At the labor camp for Bioparques de Occidente, they and other farmworkers slept sprawled head to toe on concrete floors. Their rooms crawled with scorpions and bedbugs. Meals were skimpy, hunger a constant. Camp bosses kept people in line with threats and, when that failed, with their fists.
Escape was tempting but risky. The compound was fenced with barbed wire and patrolled by bosses on all-terrain vehicles. If the couple got beyond the gates, local police could arrest them and bring them back. Then they would be stripped of their shoes.
Martinez, 28, and Santiago, 23, decided to chance it. Bioparques was one of Mexico's biggest tomato exporters, a supplier for Wal-Mart and major supermarket chains. But conditions at the company's Bioparques 4 camp had become unbearable.

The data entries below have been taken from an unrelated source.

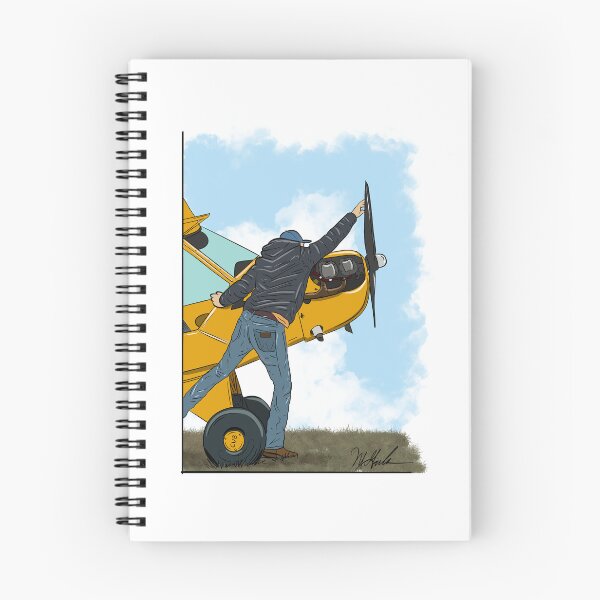 Item preview, Piper Cub Hand Prop designed and sold by Michael Garber.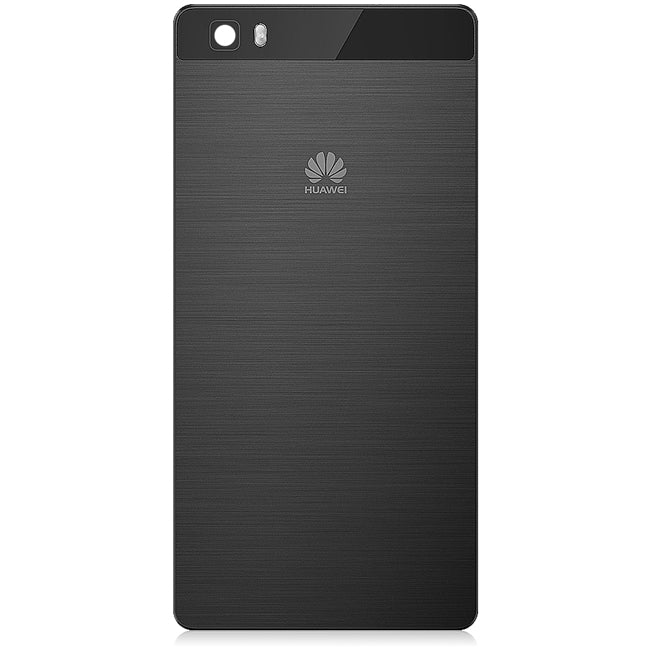 Coperchio della batteria Huawei P8lite (2015) ALE-L21, Nero, Scambio 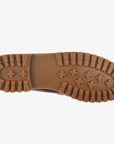 UW6-RANGER WAXY Mocassino Brown-Gum Man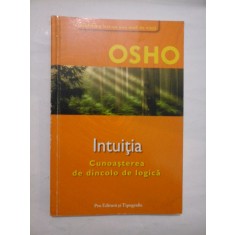 OSHO - INTUITIA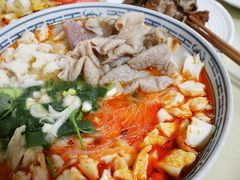 优质葫芦头-天发芽·何记葫芦头泡馍·老字号(小南门店)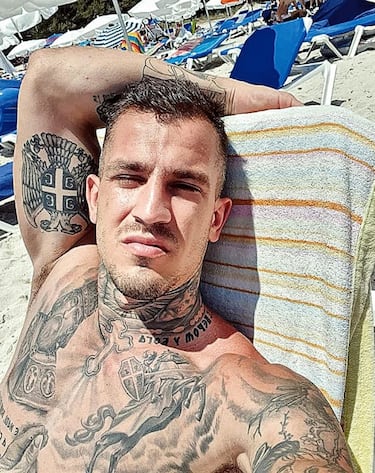 Detienen al mayor narco de Mallorca e hijo de Goran Milojevic, ex de Mallorca y Celta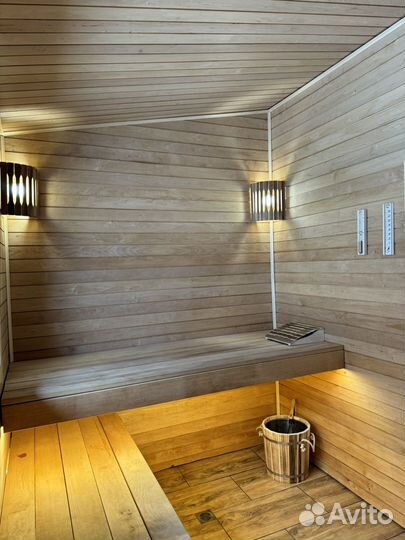 Аренда баня и сауна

They left their backpacks behind to avoid suspicion and walked out the main gate. As they approached the highway, a car screeched up. Four camp bosses jumped out. One waved a stick at them.
"You're trying to leave,'' he said, after spotting a change of clothing in a plastic bag Martinez was carrying.
"I'm just going for a walk," Martinez said.
"Get in the car or I'll break you," the boss replied.
The next day, Martinez and Santiago were back at work in the tomato fields.
When the mistreatment of workers at the camp was finally exposed, Mexican authorities made arrests, imposed fines and promised to make an example of the company. A year and a half later, however, the case of Bioparques speaks more to the impunity of Mexican agribusiness than to accountability.